**** Data for processing ****

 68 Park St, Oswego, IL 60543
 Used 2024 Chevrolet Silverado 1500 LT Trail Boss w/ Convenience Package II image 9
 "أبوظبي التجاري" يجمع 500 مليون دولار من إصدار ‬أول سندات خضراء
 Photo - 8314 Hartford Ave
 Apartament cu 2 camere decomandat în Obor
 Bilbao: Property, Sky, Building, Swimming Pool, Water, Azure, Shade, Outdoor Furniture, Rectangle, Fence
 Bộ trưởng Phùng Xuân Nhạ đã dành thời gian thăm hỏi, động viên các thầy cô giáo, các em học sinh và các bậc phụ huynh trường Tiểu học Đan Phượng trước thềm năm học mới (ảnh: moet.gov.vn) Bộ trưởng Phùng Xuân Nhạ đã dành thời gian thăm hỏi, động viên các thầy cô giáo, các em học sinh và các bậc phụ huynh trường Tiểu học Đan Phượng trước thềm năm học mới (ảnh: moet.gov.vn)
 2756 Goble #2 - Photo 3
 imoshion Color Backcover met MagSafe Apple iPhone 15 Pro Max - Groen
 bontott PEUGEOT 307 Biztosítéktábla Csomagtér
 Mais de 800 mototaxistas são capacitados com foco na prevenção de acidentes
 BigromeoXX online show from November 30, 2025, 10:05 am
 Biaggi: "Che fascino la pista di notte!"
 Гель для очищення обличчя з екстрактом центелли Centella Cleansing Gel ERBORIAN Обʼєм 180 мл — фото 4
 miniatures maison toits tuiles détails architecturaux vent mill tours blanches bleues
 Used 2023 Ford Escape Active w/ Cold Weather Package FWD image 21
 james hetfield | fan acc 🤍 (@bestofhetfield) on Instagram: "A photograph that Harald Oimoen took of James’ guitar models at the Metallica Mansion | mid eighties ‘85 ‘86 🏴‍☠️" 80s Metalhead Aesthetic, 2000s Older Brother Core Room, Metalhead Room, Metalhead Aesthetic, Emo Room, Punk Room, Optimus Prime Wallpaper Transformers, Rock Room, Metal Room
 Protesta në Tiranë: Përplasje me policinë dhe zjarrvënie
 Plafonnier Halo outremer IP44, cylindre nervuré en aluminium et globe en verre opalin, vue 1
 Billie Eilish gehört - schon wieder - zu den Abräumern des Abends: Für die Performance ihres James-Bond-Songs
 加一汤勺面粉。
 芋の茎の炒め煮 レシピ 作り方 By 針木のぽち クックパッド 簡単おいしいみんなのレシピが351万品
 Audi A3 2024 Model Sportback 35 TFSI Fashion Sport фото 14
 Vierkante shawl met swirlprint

****

An exact copy of the lines from the one with "2756 Goble #2 - Photo 3" through the last line of the listing is the whole answer.

 2756 Goble #2 - Photo 3
 imoshion Color Backcover met MagSafe Apple iPhone 15 Pro Max - Groen
 bontott PEUGEOT 307 Biztosítéktábla Csomagtér
 Mais de 800 mototaxistas são capacitados com foco na prevenção de acidentes
 BigromeoXX online show from November 30, 2025, 10:05 am
 Biaggi: "Che fascino la pista di notte!"
 Гель для очищення обличчя з екстрактом центелли Centella Cleansing Gel ERBORIAN Обʼєм 180 мл — фото 4
 miniatures maison toits tuiles détails architecturaux vent mill tours blanches bleues
 Used 2023 Ford Escape Active w/ Cold Weather Package FWD image 21
 james hetfield | fan acc 🤍 (@bestofhetfield) on Instagram: "A photograph that Harald Oimoen took of James’ guitar models at the Metallica Mansion | mid eighties ‘85 ‘86 🏴‍☠️" 80s Metalhead Aesthetic, 2000s Older Brother Core Room, Metalhead Room, Metalhead Aesthetic, Emo Room, Punk Room, Optimus Prime Wallpaper Transformers, Rock Room, Metal Room
 Protesta në Tiranë: Përplasje me policinë dhe zjarrvënie
 Plafonnier Halo outremer IP44, cylindre nervuré en aluminium et globe en verre opalin, vue 1
 Billie Eilish gehört - schon wieder - zu den Abräumern des Abends: Für die Performance ihres James-Bond-Songs
 加一汤勺面粉。
 芋の茎の炒め煮 レシピ 作り方 By 針木のぽち クックパッド 簡単おいしいみんなのレシピが351万品
 Audi A3 2024 Model Sportback 35 TFSI Fashion Sport фото 14
 Vierkante shawl met swirlprint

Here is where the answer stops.